Durante le operazioni, i militari hanno rilevato, inoltre, che vi era stato installato un ingegnoso e automatizzato impianto idrico di irrigazione: la “coltura” era infatti, innaffiata con un sistema “a goccia”, costituito da tubi di gomma in pvc lunghi circa 3 km, ed attrezzato con valvole di apertura e chiusura regolate da temporizzatori elettronici e di un serbatoio di raccolta dell’acqua.
Nelle immediate vicinanze, poi, era stato costruito anche un essiccatoio in legno, per svolgere agevolmente e direttamente sul posto le fasi successive di lavorazione della marijuana.
Nei sentieri di accesso alla coltivazione, invece, oltre a diverso fertilizzante e ad attrezzi agricoli, sono state ritrovate ben due telecamere ad infrarossi con visori notturni e schede di memoria, nascoste allo scopo di monitorare eventuali movimenti sospetti nei pressi della piantagione.

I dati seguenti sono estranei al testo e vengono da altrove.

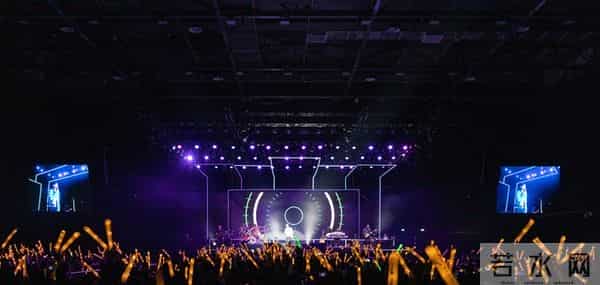 那英发型抄袭陶喆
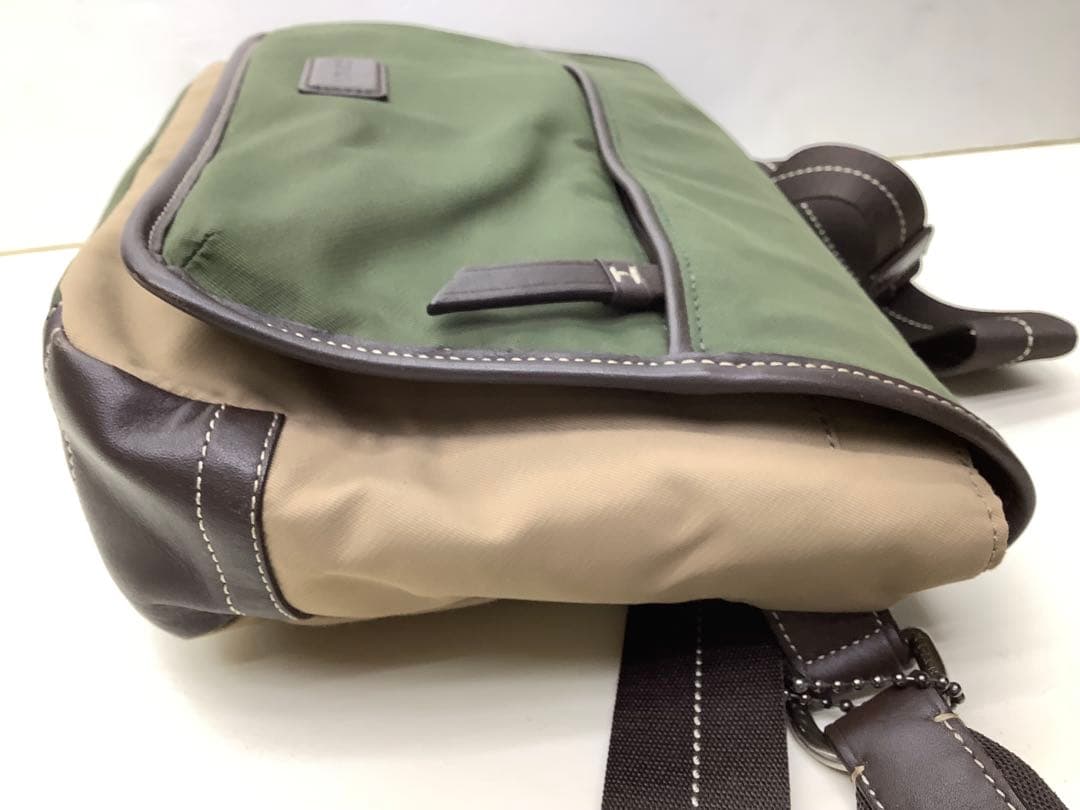 送料無料￼COACH 美品 メンズメッセンジャーバッグ ショルダーバック￼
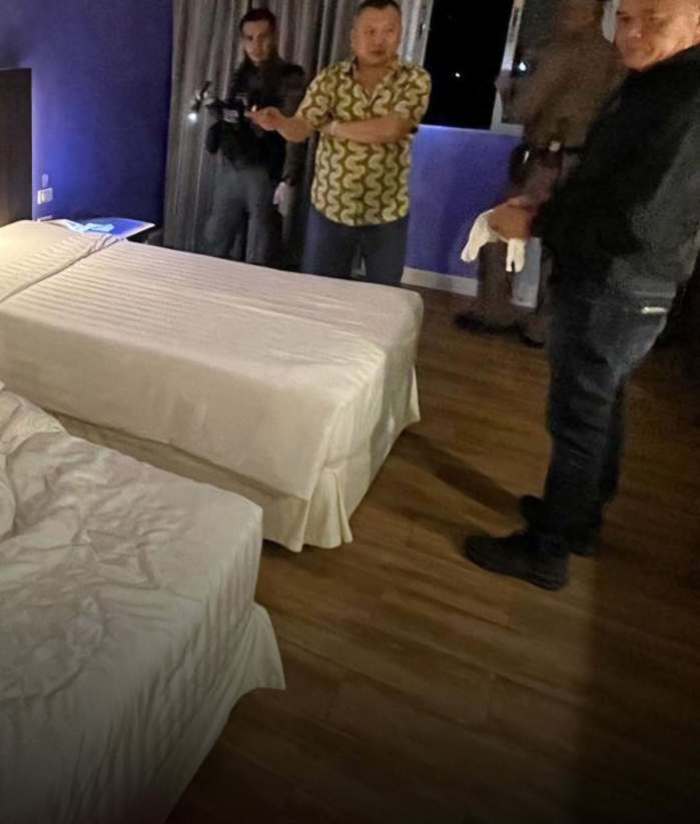 Polizeibeamte untersuchen den Todesfall eines Ehepaars in einem Hotel in Hua Hin und sichern Beweise am Fundort. Foto: Khaosod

Oltre alla coltivazione anche tutta la strumentazione tecnica è stata immediatamente rimossa e sequestrata.
L’intervento de finanzieri, avvenuto proprio nella fase di maturazione vegetativa molto prossima alla successiva raccolta, ha così consentito di sottrarre alle lavorazioni numerose piante da cui si sarebbero potuti ricavare, potenzialmente, circa 350 chilogrammi di prodotto finito.
Un quantitativo di stupefacente che una volta sul mercato al dettaglio avrebbe potuto far ottenere ricavi notevoli alla criminalità organizzata.
Sono tutt’ora in corso le indagini per ricercare i responsabili, coordinate dalla Procura della Repubblica di Reggio Calabria, diretta da Giovanni Bombardieri.